Client

Client(url: Optional[str] = None, token: Optional[str] = None, retry_timeout: int = 300, insecure: bool = False, backend_type: substra.sdk.schemas.BackendType = <BackendType.REMOTE: 'remote'>)

Create a client

Arguments:

  • url (str, optional): URL of the Substra platform. Mandatory to connect to a Substra platform. If no URL is given debug must be True and all assets must be created locally. Defaults to None.

  • token (str, optional): Token to authenticate to the Substra platform. If no token is given, use the ‘login’ function to authenticate. Defaults to None.

  • retry_timeout (int, optional): Number of seconds before attempting a retry call in case of timeout. Defaults to 5 minutes.

  • insecure (bool, optional): If True, the client can call a not-certified backend. This is for development purposes. Defaults to False.

  • backend_type (schemas.BackendType, optional): Which mode to use. Possible values are remote, docker and subprocess. Defaults to remote. In remotemode, assets are registered on a deployed platform which also executes the tasks. In subprocess or docker mode, if no URL is given then all assets are created locally and tasks are executed locally. If a URL is given then the mode is a hybrid one: new assets are created locally but can access assets from the deployed Substra platform. The platform is in read-only mode and tasks are executed locally.

backend_mode

This is a property.
Get the backend mode: deployed, local and which type of local mode

    Returns:
        str: Backend mode

temp_directory

This is a property.
Temporary directory for storing assets in debug mode.

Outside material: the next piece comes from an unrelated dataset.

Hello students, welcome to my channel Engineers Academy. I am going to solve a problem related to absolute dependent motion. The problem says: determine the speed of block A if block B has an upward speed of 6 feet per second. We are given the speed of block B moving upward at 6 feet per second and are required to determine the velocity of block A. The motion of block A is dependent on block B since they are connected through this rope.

Deleted when the client is deleted.

add_algo

add_algo(self, data: Union[dict, substra.sdk.schemas.AlgoSpec]) -> str

Create new algo asset.

Arguments:

  • data (Union[dict, schemas.AlgoSpec], required): If it is a dict, it must have the same keys as specified in schemas.AlgoSpec.

Returns:

  • str: Key of the algo

add_compute_plan

add_compute_plan(self, data: Union[dict, substra.sdk.schemas.ComputePlanSpec], auto_batching: bool = True, batch_size: int = 500) -> substra.sdk.models.ComputePlan

Create new compute plan asset.

Arguments:

  • data (Union[dict, schemas.ComputePlanSpec], required): If it is a dict, it must have the same keys as specified in schemas.ComputePlanSpec.

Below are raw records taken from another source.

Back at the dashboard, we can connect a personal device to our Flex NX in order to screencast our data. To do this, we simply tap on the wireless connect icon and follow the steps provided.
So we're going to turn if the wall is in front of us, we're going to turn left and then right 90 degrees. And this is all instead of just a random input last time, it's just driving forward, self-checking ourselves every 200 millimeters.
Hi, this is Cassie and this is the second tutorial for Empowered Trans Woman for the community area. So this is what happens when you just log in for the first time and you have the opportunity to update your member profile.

  • auto_batching (bool, optional): Set ‘auto_batching’ to False to upload all the tuples of the compute plan at once. Defaults to True.

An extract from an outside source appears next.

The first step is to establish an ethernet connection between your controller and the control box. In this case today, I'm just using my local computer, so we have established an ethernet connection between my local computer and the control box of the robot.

  • batch_size (int, optional): If ‘auto_batching’ is True, change batch_size to define the number of tuples uploaded in each batch (default 500).

Returns:

  • models.ComputePlan: Created compute plan

add_compute_plan_tuples

add_compute_plan_tuples(self, key: str, tuples: Union[dict, substra.sdk.schemas.UpdateComputePlanTuplesSpec], auto_batching: bool = True, batch_size: int = 500) -> substra.sdk.models.ComputePlan

Update compute plan.

Arguments:

  • key (str, required): Compute plan key

  • tuples (Union[dict, schemas.UpdateComputePlanTuplesSpec], required): If it is a dict, it must have the same keys as specified in schemas.UpdateComputePlanTuplesSpec.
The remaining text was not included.